I am currently a sophomore undergraduate Mechanical Engineering major at a mid-sized public university. I know that I really do enjoy research, I love learning, and I love teaching. I am all-but-certain that graduate school is where I want to go after graduation, and so I have been working to gain research experience.
At the end of my freshman year, I began working with my advisor ("Prof A") on non-research-focused design projects (i.e. not the sort of thing that would lead to a publication), as a way to get some experience working under an advisor and to "get my foot in the door". He was highly impressed by my work (specifically the effort and time I put into the work) and gave me more opportunities at the beginning of this school year (fall 2014) to do more work with him on some research-focused projects.

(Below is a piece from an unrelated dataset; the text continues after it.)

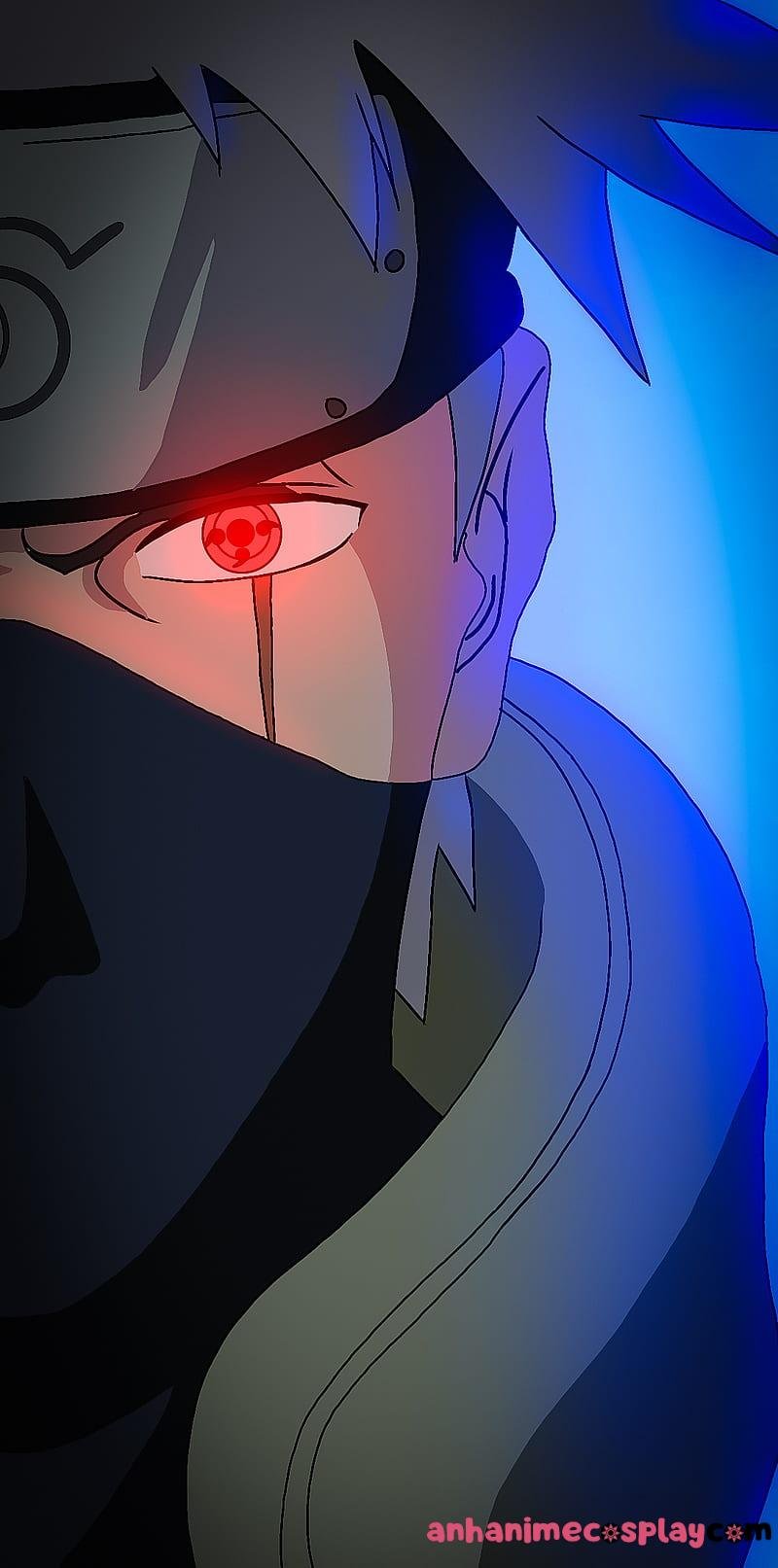 Loạt ảnh hatake kakashi độc quyền
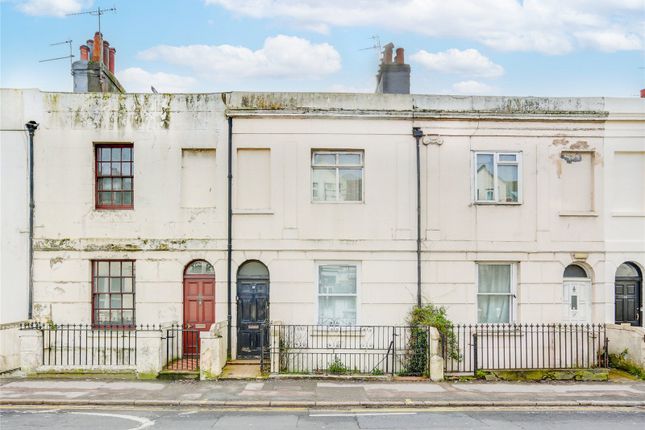 Thumbnail Flat for sale in Viaduct Road, Brighton, East Sussex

As this year has progressed, Prof A has given me more and more support and has continued to help me gain funding for my own projects, and is the primary reason that I have excelled up to this point. He has certainly become someone who I would consider to be my mentor in many ways.
Despite all of the great opportunities I have received so far, I want to expand my horizons from the narrow topics I have worked on so far in research. Recently, I asked a different professor ("Prof B") to work on his research team, and he offered me a position. I immediately accepted, knowing that his research is something in which I'm highly interested, and something that I could certainly see myself researching in graduate school. I do not plan on letting this new project with Prof B in any way interfere with the work I am doing with Prof A; I simply plan to work on both concurrently. It should be noted that Prof B was fully aware of my work in Prof A's lab, and this played a role in his eagerness to have me on his research team.
When I mentioned my new research position to Prof A, he seemed disappointed in his demeanor (although nothing he said was necessarily disapproving), as though my working in another lab were not appropriate. I had thought that this should be no problem, especially coming from the standpoint that he is not my advisor in the way that a Ph.D. student has an advisor, so there is no obligation, per se, to consult him before taking on new work.
Was I wrong in not going to Prof A for advisement about this new opportunity, considering all he has done for me? Or was I correct that I have the right to go and find other opportunities if I wish?
As a broader question for the future, does the same etiquette apply in graduate school (master's and doctoral)? Or should actions be different in the two different situations?